Para o senador tucano, não é só as próximas eleições que justificam uma migração deste tamanho, mas também o fantasma de uma reforma política que acabe com a infidelidade partidária e restrinja o número de partidos. "O pensamento a longo prazo está imperando em grande parte das trocas; políticos que não pretendem se candidatar ano que vêm já estão se filiando porque temem não poder o fazer depois para as eleições de 2002", disse. É o caso do empresário mato-grossense Blairo Maggi, que ingressou no PPS para concorrer ao governo em 2002, e do ex-deputado Sandro Mabel (GO) que saiu do PMDB rumo ao PFL, pensando em retornar para a Câmara daqui a três anos.
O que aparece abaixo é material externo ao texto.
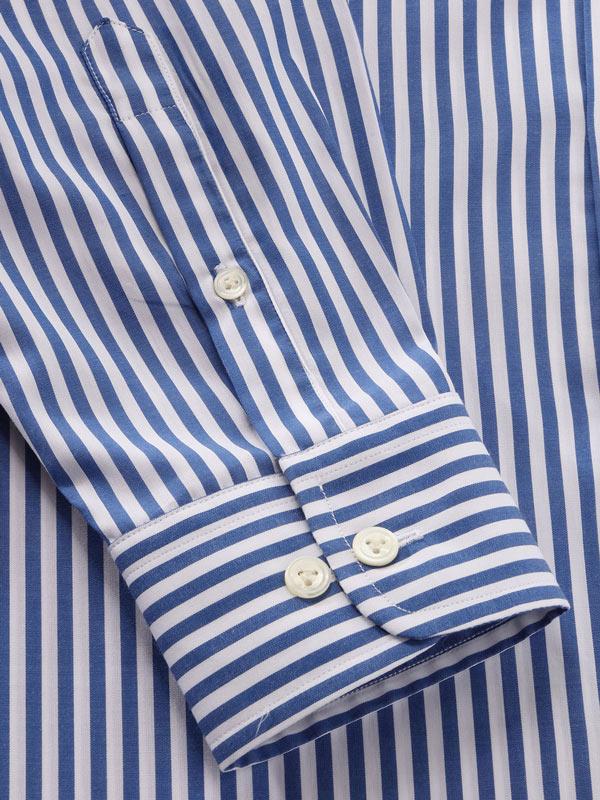 Barboni Navy Striped Full Sleeve Single Cuff Tailored Fit Classic Formal Silk Touch Egyptian Giza Cotton Shirt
No Nordeste, a migração é ainda mais intensa e começou no início do ano. Em Alagoas, 15 dos 27 deputados estaduais eleitos em 1998 trocaram de partido. Em Sergipe, foram 13 dos 24 estaduais que fizeram o mesmo. "O empenho dos governadores está sendo decisivo para aumentar esta migração", disse o senador José Eduardo Dutra (PT-SE), usando como exemplo o Estado dele, onde o grupo político que apóia o governador Albano Franco (PSDB) procura reforçar legendas aliadas, como o PMDB e o PPS. "O PPS não elegeu nenhum vereador e hoje já é a maior bancada na Câmara de Aracaju", afirmou. O PPS conta com apenas quatro entre 21 vereadores. "O quadro partidário está tão pulverizado que partido que conta com dois vereadores é considerado grande"
afirmou Dutra.
Em Pernambuco, o governador Jarbas Vasconcelos (PMDB) anuncia amanhã a filiação de quatro deputados estaduais e 11 prefeitos no partido para contrabalançar o ingresso, na semana passada, do senador Carlos Wilson, de dois deputados estaduais e um prefeito no PPS. Até pequenas legendas, como PRTB, PSDC e PST estão recebendo adesões. Neste caso, as adesões vêm de vereadores com dificuldades para se reeleger em 2000.
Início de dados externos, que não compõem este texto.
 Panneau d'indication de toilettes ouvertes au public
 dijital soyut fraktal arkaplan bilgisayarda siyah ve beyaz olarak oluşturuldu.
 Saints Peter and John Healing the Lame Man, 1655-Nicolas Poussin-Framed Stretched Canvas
"O sistema proporcional de eleições incentiva candidatos a vereador a buscarem partidos pequenos; eles evitam partidos com vereadores bons de voto porque temem reforçar a votação da coligação, ajudaram a eleger os principais candidatos da legenda e se tornaram apenas suplentes", disse o deputado Vilmar Rocha (PFL-GO), membro da Executiva Nacional do PFL, que, em Goiás, filiou dez prefeitos na última semana e pretende angariar três deputados estaduais na próxima. "O dia 25 (sábado) foi considerado o dia nacional de filiações do partido e haverá atos no Brasil inteiro", disse o parlamentar.
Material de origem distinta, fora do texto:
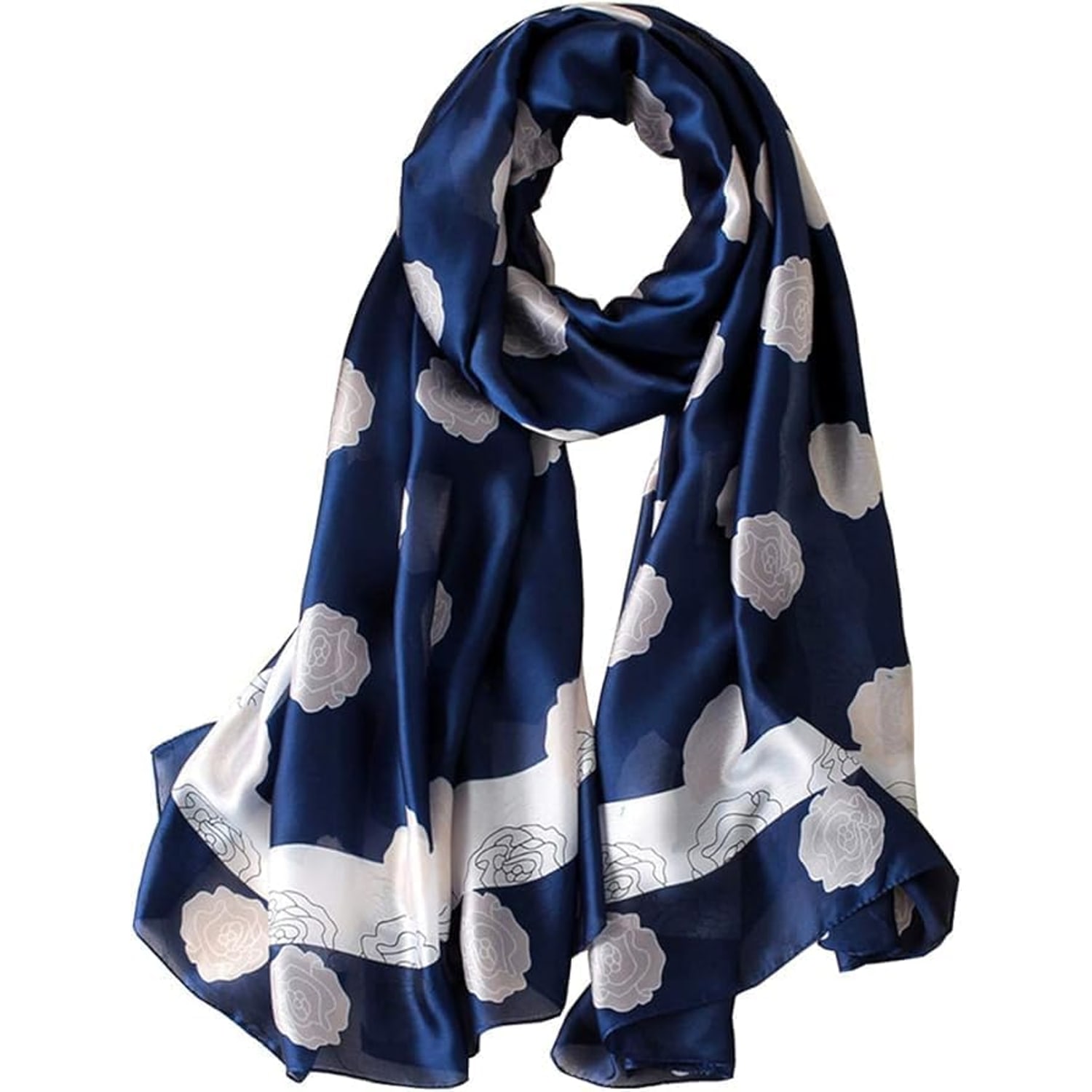 Long Mulberry Silk Scarf Dark Blue 90 x 180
Como o quadro da disputa eleitoral de 2000 tende à pulverização, interessa também aos políticos locais se sentir livres das grandes estruturas para negociar o apoio. Em Maceió, por exemplo, a previsão é que haja pelo menos dez candidatos. No Rio e em São Paulo, oito. "No PMDB, eu não era protagonista do jogo político em minha região; agora, no PPS, posso até não ser candidato, mas serei ouvido", disse o deputado federal Edinho Araújo (SP), que tem em São José do Rio Preto, no interior do Estado, a base. A troca de partidos também foi insuflada por políticos sem mandato que tentam o retorno: em Belo Horizonte, o ex-prefeito Sérgio Ferrara foi para o PL, em Goiânia; o ex-prefeito Darci Accorsi, que foi do PT e passou pelo PSB, agora está no PTB, e, em Manaus, o ex-prefeito Eduardo Braga (ex-PPB) concorrerá pelo PPS.